コンテナ物語 世界を変えたのは「箱」の発明だった 増補改訂版

何故読んだか

息子が、電車好きで貨物列車の種類などを調べていて、そもそも貨物ってどんなルートで運ぶのだろうか?という疑問がガントリークレーンやコンテナについても調べている中でこの本の存在を知った。帯にビル・ゲイツ推薦と書いてあるし面白そうだったので読んでみた。

箱が世界の経済を変える(あらすじ)

副題にもある「世界を変えたのは「箱」の発明だった」の通りでただの箱が、物流業界を大きく変えてしまった様子を歴史を辿って読んでいくもの。

トラック輸送業者だったマルコム・マクリーンという一人の男が「海に船を出して運送すれば、陸路の渋滞は解消される」と思い行動して実行して最終的には、コンテナを運送会社の経営者までになる。マクリーンは「トラック運転手ではなくもっと経営のこと考える仕事をする方が良い」と自分のキャリアプランをしっかり考えることができる人物だ。海路で運送する場合、当時は輸送費、人件費がエライ高いことが問題だった。この問題を解決したのはコンテナだった。

感想

WEBの業界で働いていると、WEBって凄いイノベーションだなとか世界を変えたものだと思っていたけど、WEBができるよりも前にこんな凄いイノベーションがあったんだ!と感動した。

ただの箱(コンテナ)が海運業のみならず、世界の流通までも変えてしまう過程を歴史的に知れたのは面白かった。コンテナが世界の物流を変えるまでには導入するまでには規格化、組合とのバトル(コンテナが導入されることで職が失われる)など様々な問題があった。最終的には導入されて今では当たり前のようにコンテナが使われている。コンテナが導入されたことで輸送費、人件費の削減が行われ、港には自動でコンテナを運ぶクレーンが導入された。AIによるクレーンも導入されてきており、更に人件費が削減できるいうことらしく、エンジニア職がNo-Codeの発達によってエンジニア自身が、手を動かすことがなくなってくるのではという説と近いなと感じた。

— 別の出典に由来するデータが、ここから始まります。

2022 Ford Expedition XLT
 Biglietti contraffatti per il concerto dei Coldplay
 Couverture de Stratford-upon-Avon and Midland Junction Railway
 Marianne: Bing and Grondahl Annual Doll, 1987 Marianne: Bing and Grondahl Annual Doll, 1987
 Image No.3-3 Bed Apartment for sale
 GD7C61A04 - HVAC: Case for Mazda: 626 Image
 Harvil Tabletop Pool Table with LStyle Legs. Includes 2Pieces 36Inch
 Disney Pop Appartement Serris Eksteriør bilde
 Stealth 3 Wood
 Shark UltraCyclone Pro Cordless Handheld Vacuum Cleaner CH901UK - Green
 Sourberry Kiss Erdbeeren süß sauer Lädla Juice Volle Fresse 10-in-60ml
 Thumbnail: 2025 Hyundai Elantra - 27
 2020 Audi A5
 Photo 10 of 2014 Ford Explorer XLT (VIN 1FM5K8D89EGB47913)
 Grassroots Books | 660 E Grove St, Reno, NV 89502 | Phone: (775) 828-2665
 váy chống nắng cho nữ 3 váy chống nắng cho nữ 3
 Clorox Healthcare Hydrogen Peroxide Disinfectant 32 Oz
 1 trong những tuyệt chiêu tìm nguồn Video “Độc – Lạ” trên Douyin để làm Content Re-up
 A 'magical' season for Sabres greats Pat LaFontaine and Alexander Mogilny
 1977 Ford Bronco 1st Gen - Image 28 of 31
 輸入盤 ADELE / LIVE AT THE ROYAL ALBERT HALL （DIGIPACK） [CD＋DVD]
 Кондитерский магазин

最終的にマクレーンも破産してしまうのだが、優れた経営者も読み間違いをしてしまうんだなと思った。後で色々レビューとか見返すと「ビジネスを成功させるための良書」みたいな言葉があったが破産しているので成功法を学べる本ではないかなと思った。

モノやヒトの歴史を辿ることで、様々な苦悩やアイデアがあって今ここまで来たんだなということを改めて思い返すことができるとてもいい本。